Tahoe National Forest boasts hundreds of miles of trails for riding or hiking, and hundreds of miles of off-highway vehicle trails. In addition, portions of the trail system are signed and marked for Nordic skiing and snowmobiles. Since the trail system is continually being expanded and improved, more current and specific information is available on request from the individual Forest offices or on the web. Official Website.
|Nearest Metro Area||Reno, NV|
|Area Size||871,495 acres|
|Established||October 3, 1905|
|Hiking Trails||386 miles|
Trailhead Traveler’s Recommended Hikes in Tahoe National Forest
- Castle Peak Trail – 5.9 miles out and back
- A short and relatively easy summit hike to the top of Castle Peak. The last 1/2 mile gets steep as hikers scramble up the rocky trail to the final summit but the views are amazing.
- Five Lakes Basin Trail + Penner Lake Trail – 15.5 miles out and back
- Combination of 2 popular and beautiful trails with numerous secluded lakes to stop and enjoy along the way. From the Carr Lake Campground, head east to Five Lakes Basin along the well maintained trail. On the way back, head north to Penner Lake. All lakes are great for fishing, camping, or swimming in summer months!

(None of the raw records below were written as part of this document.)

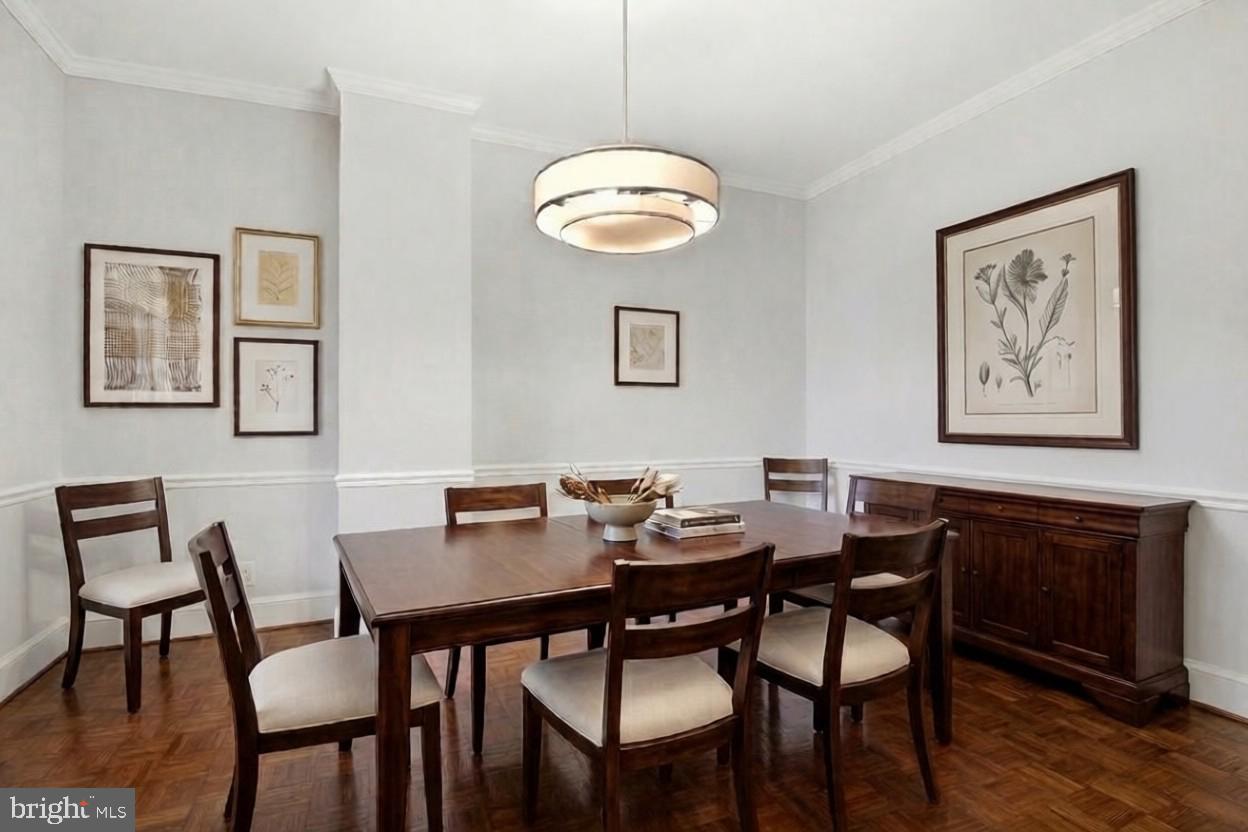 CHEVY CHASE - Residential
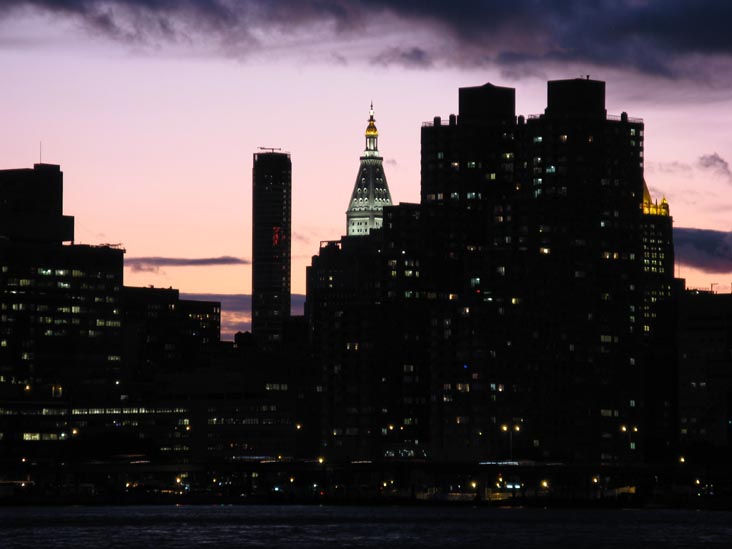 Met Life Building, Madison Square, Midtown Manhattan From Gantry Plaza State Park, Hunters Point, Long Island City, Queens, September 30, 2009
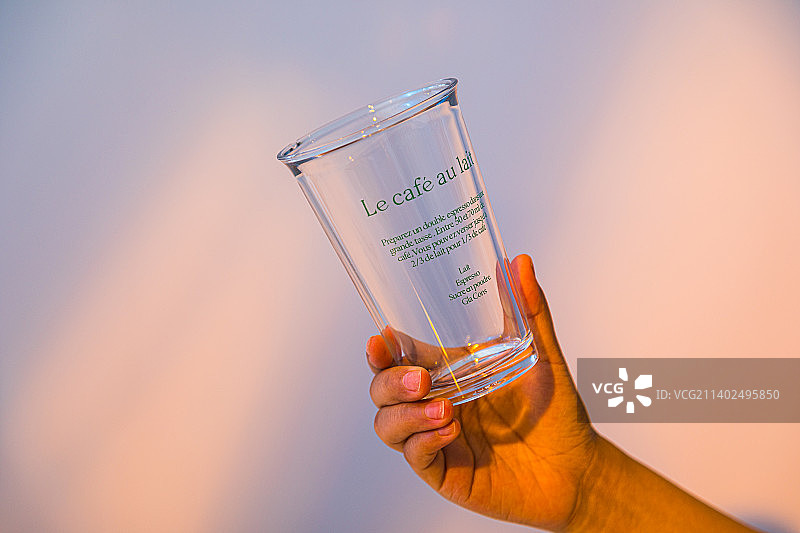 桌子上的玻璃杯水杯饮具图片素材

- Loch Leven Lakes Trail – 7.2 miles out and back
- Loch Leven trail leaves the South Yuba river canyon, crossing the ridge above to reach the glacially formed Loch Leven lakes chain, small bowls in the granite. Granite outcroppings and glacial erratic are numerous along the first portion of the route, and the trail can be difficult to follow on the bare rock sections.
- Mount Judah Loop – 4.5 mile loop
- The vantages rewarding the hike during the climb up Mount Judah are spectacular: Mount Rose, Truckee, Donner Lake, and in the immediate foreground Coldstream Canyon. The trail then meanders along the crest of Mount Judah offering outstanding views of some of the prominent peaks in the area.

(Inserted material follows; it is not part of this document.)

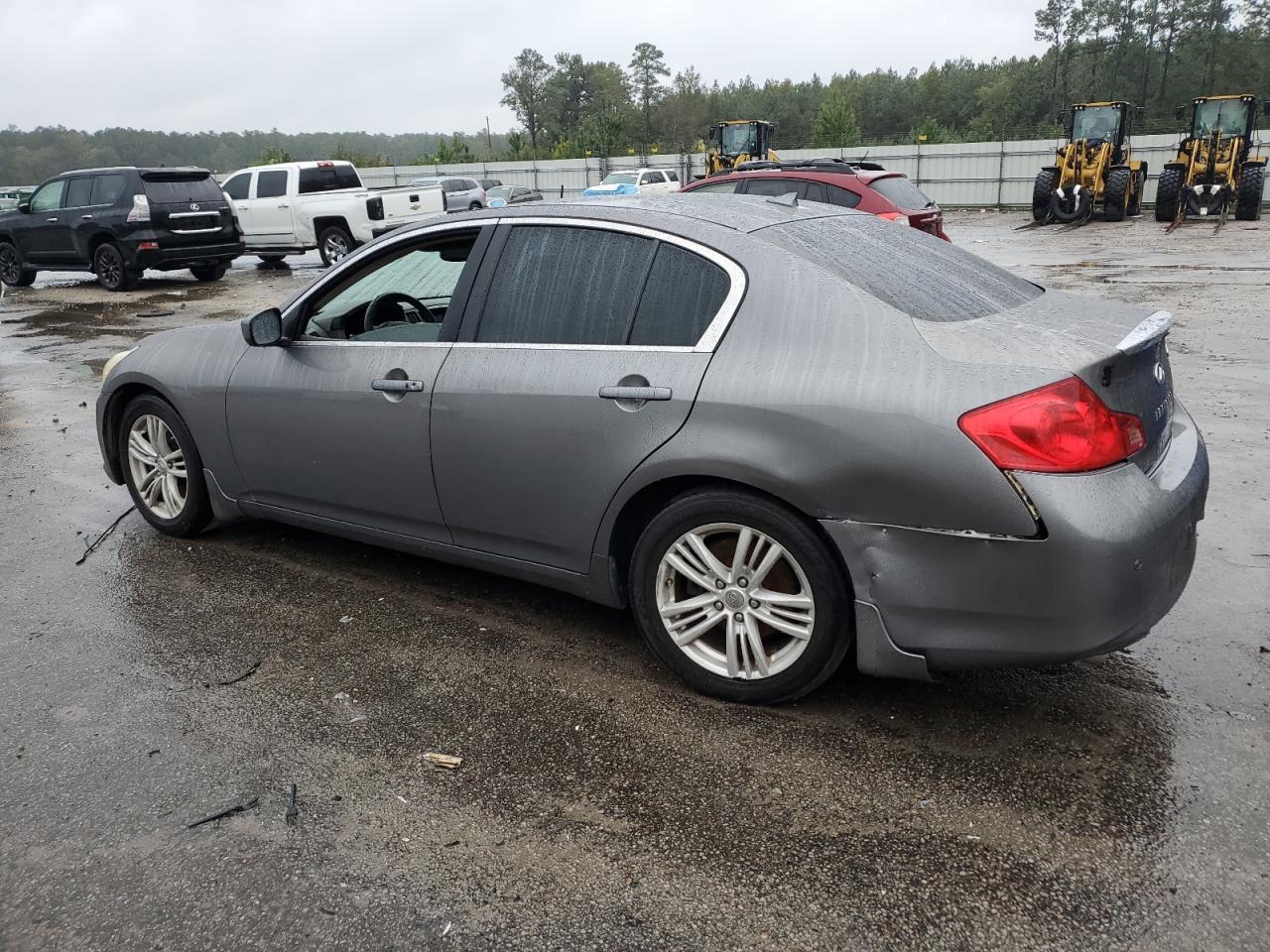 2013 Infiniti G37 - Image 2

- Shirley Canyon Cascades Trail*** – 5.8 miles out and back
- Great hike that features a waterfall and many large granite boulders to explore. This is a very challenging trail as it climbs nearly 2000′ in elevation in under 3 miles. You will have the option of taking the tram down from the top for free to cut this hike in half if you wish.
- Sierra Buttes Lookout Trail*** – 4.8 miles out and back
- Following along the PCT for a stretch, this trail branches off to the left up to the fire lookout tower on top of the Sierra Buttes. There are spectacular views along the way and from the top; on a clear day you can see Mount Lassen, Mount Shasta, and Mount Rose. Upper and Lower Sardine Lakes can be seen below Sierra Buttes as well.
- Stevens Trail*** – 9.0 miles out and back
- On the far west side of Tahoe National Forest, this trail offers spectacular views rich in history. Stevens Trail was built and used in the late 1800s by gold miner, Truman A. Stevens. While on your journey you will enjoy a series of spectacular views of the famous Gold Rush era river, pass the infamous China Wall built by Chinese laborers, several mine shafts, and other early signs of mining.